Fakat aslında akıl almayacak bir şey yok. Zira krizin odağındaki türevlerin zihin bulandıran karmaşıklığına şöyle bir bakınca, olup biten şeye hepimizin aşina olduğunu görürsünüz: Yok saymak.

Mortgage kriziyle aynı şablon
Aslında mesele, ülkenin dört bir köşesindeki mahallelerde olan bitenden farksız. Tıpkı ev sahiplerinin büyük krediler alıp kendilerini 'ne olacak ki, olsa olsa elimdeki ana mülk (yani ev) gider' diye avutması gibi, Wall Street firmaları da yıkılmaz oldukları varsayımına dayanıp, alt gelir grubuyla mortgage kumarı oynamak için on milyarlarca dolar borçlandı.
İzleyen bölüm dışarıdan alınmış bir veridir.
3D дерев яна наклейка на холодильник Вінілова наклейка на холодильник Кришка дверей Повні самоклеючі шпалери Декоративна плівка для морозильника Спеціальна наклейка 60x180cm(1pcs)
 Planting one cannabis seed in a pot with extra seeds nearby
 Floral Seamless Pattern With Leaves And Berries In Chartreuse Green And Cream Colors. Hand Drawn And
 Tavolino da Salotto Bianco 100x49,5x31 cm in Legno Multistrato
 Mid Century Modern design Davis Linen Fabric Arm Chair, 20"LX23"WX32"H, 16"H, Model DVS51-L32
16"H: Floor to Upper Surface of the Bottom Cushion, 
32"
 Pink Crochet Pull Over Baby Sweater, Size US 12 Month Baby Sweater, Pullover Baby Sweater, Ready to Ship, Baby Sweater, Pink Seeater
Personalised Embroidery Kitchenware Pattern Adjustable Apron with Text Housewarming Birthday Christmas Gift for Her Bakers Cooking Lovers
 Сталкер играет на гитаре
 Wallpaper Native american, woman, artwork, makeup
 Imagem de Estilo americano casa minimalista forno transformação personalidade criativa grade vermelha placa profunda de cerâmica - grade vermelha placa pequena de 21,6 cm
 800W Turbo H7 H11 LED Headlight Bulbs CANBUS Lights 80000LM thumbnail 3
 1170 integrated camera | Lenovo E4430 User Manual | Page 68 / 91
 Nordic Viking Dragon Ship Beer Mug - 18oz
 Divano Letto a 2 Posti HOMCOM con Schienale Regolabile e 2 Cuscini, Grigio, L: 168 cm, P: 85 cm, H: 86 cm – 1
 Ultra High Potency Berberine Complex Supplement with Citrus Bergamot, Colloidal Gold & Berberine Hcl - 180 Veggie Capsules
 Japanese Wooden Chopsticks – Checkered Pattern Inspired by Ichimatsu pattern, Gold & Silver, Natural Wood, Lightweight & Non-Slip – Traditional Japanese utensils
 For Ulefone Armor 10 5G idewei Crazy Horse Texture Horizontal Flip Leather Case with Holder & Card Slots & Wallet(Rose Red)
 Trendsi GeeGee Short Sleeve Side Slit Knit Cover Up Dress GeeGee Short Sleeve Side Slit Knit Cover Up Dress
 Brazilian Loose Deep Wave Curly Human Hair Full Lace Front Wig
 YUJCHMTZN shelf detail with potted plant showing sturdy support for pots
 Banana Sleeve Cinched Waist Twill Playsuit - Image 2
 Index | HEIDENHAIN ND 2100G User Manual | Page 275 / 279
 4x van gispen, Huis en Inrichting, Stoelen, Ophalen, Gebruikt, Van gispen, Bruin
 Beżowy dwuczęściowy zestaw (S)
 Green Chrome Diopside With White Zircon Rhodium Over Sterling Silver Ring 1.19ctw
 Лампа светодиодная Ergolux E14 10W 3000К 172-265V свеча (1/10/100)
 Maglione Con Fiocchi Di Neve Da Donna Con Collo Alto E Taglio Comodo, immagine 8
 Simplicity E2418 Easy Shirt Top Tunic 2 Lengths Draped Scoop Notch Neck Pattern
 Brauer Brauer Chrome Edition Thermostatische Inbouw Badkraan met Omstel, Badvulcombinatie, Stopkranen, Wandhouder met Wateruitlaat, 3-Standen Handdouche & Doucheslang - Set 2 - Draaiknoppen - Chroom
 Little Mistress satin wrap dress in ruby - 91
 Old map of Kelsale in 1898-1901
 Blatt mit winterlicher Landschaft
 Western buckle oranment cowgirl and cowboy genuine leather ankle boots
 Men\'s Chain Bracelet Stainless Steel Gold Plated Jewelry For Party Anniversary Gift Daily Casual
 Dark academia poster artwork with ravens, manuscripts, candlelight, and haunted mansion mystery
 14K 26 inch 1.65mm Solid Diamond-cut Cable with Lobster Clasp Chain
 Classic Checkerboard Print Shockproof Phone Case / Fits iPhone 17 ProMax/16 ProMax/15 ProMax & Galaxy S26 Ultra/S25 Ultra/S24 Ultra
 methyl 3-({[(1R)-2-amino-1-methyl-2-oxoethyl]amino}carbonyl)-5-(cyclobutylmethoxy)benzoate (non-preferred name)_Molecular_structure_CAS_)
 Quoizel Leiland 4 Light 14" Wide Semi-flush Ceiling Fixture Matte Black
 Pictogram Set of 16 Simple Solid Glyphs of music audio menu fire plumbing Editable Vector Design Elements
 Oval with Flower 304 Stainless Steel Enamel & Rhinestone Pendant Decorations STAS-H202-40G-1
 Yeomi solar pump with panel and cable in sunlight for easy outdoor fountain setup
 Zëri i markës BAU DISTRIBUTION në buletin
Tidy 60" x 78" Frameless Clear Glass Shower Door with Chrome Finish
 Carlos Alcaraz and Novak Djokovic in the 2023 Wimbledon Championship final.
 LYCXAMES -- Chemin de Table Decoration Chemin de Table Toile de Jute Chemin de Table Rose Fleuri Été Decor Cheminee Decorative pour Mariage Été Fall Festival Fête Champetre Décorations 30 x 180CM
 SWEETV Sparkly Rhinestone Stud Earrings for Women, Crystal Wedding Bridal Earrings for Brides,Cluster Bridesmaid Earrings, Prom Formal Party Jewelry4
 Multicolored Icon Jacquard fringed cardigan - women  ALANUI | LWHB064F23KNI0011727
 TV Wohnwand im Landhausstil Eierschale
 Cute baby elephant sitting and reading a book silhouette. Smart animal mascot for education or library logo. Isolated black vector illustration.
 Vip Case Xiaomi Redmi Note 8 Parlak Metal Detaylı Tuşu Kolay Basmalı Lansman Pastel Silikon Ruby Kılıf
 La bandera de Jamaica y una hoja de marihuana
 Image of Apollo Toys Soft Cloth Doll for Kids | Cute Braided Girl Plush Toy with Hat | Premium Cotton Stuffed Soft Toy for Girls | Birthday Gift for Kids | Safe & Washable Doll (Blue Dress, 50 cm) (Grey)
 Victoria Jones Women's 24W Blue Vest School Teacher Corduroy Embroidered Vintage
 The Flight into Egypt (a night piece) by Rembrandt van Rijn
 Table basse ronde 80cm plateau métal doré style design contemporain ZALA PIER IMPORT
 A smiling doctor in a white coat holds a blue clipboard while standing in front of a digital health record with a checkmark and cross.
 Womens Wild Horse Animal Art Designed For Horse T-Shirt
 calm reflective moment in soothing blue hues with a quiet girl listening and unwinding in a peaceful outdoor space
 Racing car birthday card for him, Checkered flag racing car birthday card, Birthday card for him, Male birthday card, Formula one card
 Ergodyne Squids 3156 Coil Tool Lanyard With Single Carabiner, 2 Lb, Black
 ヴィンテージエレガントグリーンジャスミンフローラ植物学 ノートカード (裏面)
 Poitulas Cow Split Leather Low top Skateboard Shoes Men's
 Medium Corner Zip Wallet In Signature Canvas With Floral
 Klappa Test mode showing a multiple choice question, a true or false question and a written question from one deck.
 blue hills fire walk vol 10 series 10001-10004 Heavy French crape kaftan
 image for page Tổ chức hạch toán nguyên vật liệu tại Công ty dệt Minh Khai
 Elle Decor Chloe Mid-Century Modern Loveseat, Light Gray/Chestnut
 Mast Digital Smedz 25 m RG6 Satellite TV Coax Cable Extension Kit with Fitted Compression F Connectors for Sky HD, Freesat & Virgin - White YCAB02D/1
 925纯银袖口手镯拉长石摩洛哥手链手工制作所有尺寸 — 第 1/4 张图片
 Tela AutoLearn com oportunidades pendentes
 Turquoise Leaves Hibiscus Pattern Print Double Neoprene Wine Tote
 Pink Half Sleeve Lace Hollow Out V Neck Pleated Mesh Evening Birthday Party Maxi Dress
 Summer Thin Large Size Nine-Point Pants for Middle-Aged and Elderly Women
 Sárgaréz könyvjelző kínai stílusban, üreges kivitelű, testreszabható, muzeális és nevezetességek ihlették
Fakat nihayetinde ev fiyatları düştü. Ve bunalıma giren piyasada evlerini satmaya çalışanların birçoğu, acı gerçekle karşılaştı: Evleri düşündükleri kadar etmiyordu. Haliyle muhakemeleri evlerine duydukları sevgiyle, eve harcadıkları paranın miktarıyla ve evin bir yıl öncesine göre daha az getiriyor olmasıyla gölgelendi. Ve satış fiyatını kırdıklarında bile fiyat piyasanın gerçekliğiyle asla tam olarak uyuşmuyordu. Olan biteni yok saymışlardı.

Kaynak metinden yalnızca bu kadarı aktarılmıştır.